*Exercise directions*
Your response to the data below should hold nothing except the lines from the one containing "Phong độ Athletic Bilbao" down to the one containing "Market position of", reproduced exactly and without pictures.

*Records for the exercise*
--------
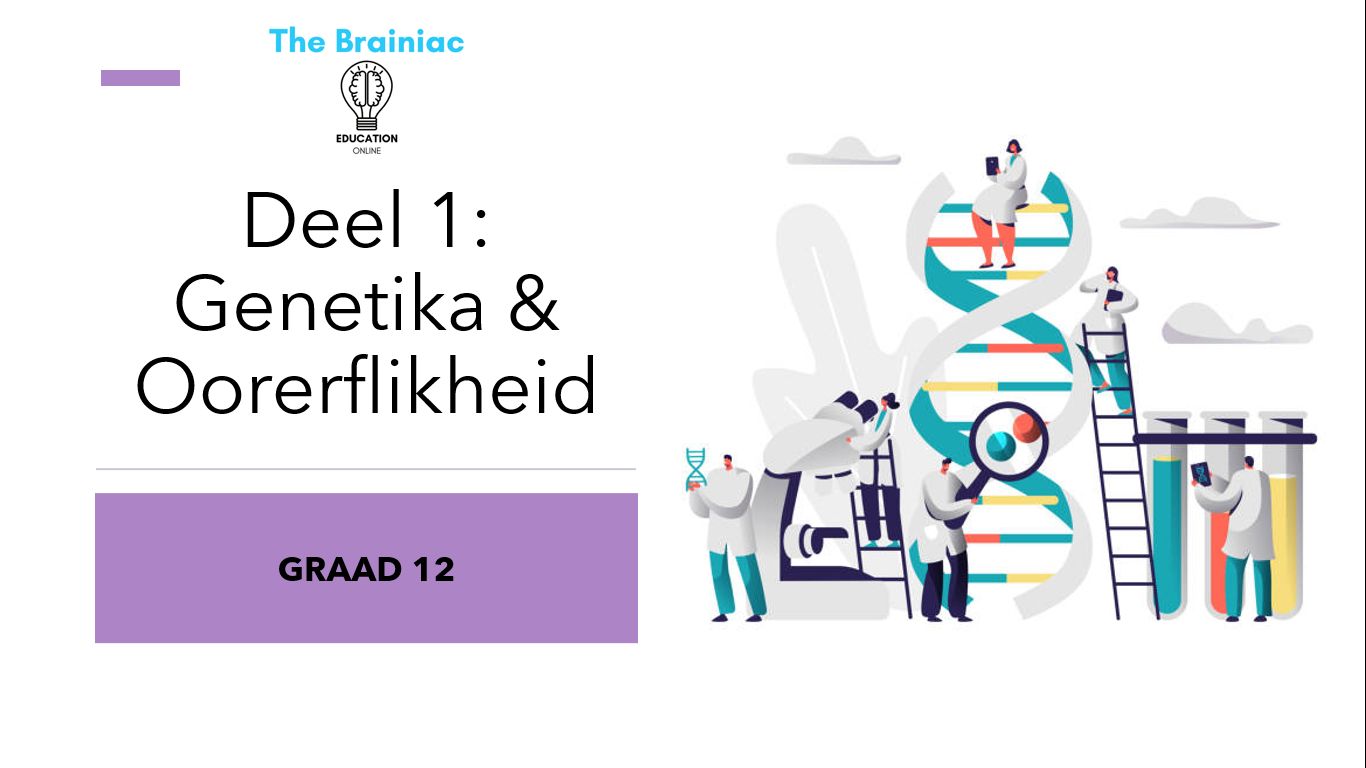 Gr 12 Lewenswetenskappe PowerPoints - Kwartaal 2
--------
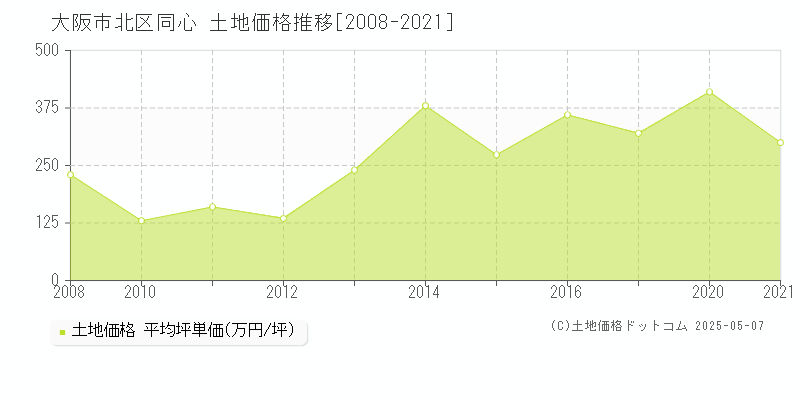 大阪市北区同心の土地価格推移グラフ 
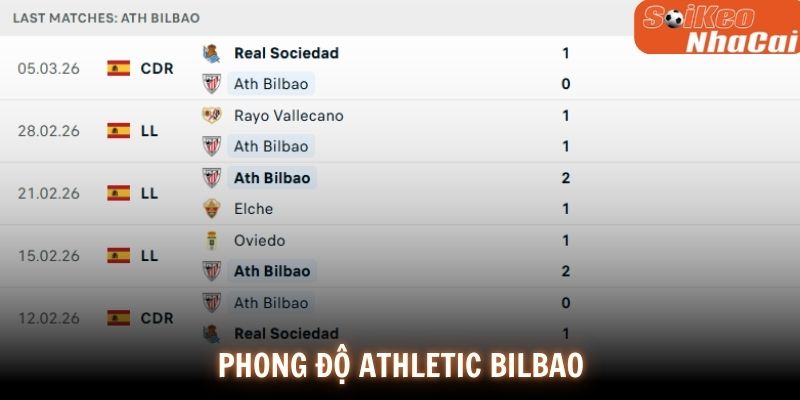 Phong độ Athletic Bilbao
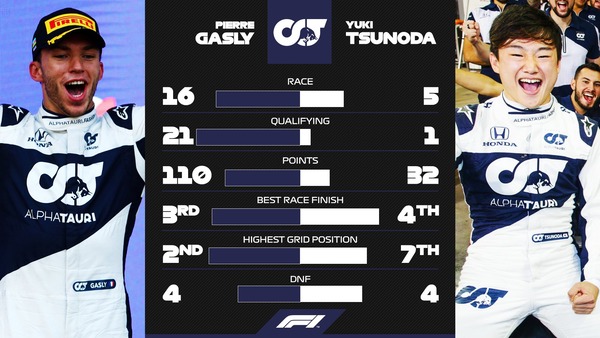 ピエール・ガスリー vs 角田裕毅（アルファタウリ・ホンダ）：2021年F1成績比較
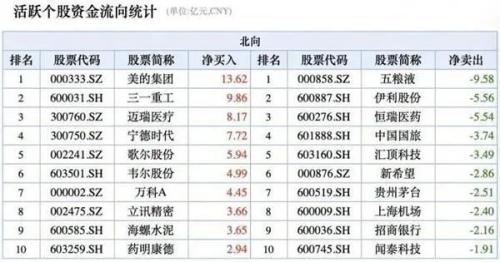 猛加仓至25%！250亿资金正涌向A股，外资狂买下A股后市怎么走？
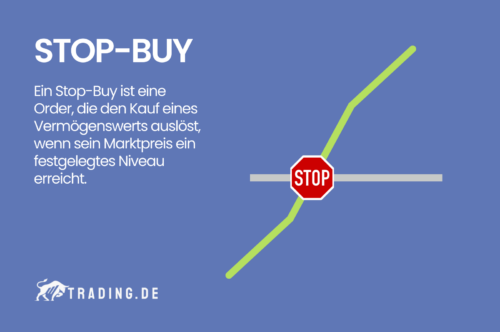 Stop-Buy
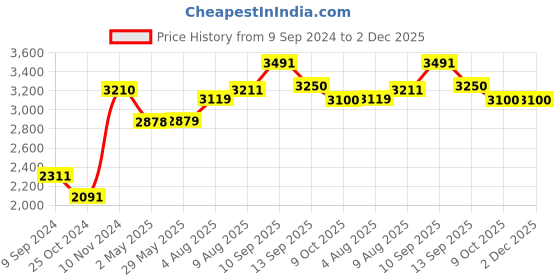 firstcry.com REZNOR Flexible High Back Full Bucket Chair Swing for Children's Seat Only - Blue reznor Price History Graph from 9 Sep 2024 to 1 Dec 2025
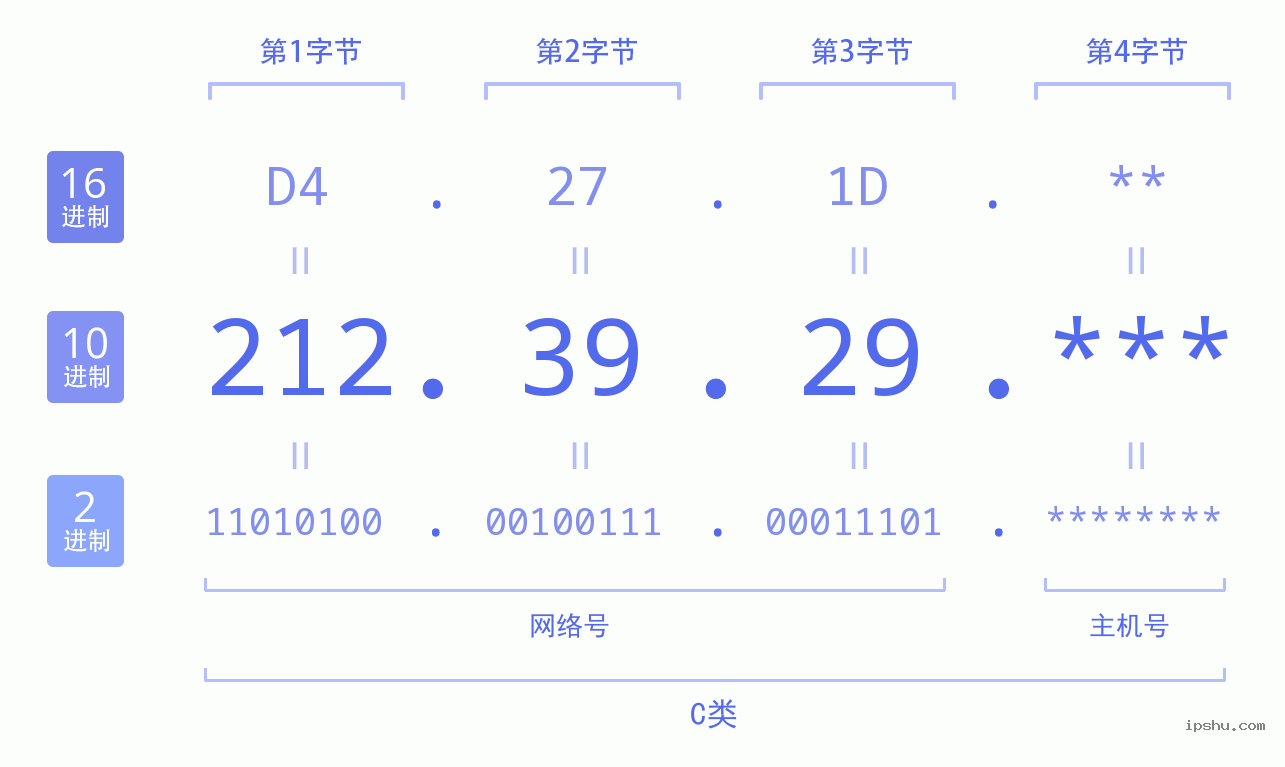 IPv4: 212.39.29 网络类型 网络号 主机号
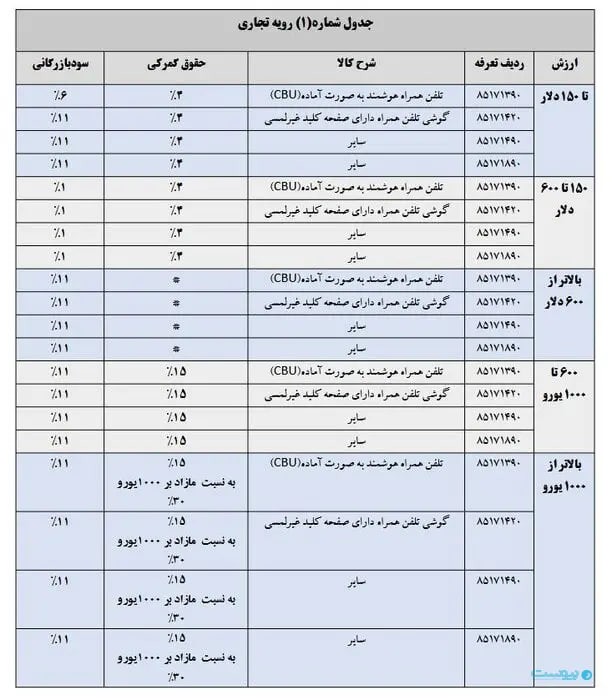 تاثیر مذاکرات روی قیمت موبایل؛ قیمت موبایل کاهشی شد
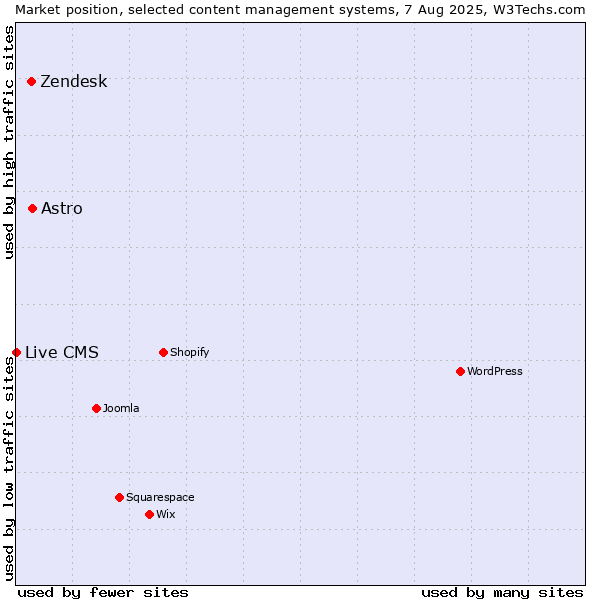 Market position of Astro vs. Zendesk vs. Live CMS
--------
*Answer space*
 Phong độ Athletic Bilbao
 ピエール・ガスリー vs 角田裕毅（アルファタウリ・ホンダ）：2021年F1成績比較
 猛加仓至25%！250亿资金正涌向A股，外资狂买下A股后市怎么走？
 Stop-Buy
 firstcry.com REZNOR Flexible High Back Full Bucket Chair Swing for Children's Seat Only - Blue reznor Price History Graph from 9 Sep 2024 to 1 Dec 2025
 IPv4: 212.39.29 网络类型 网络号 主机号
 تاثیر مذاکرات روی قیمت موبایل؛ قیمت موبایل کاهشی شد
 Market position of Astro vs. Zendesk vs. Live CMS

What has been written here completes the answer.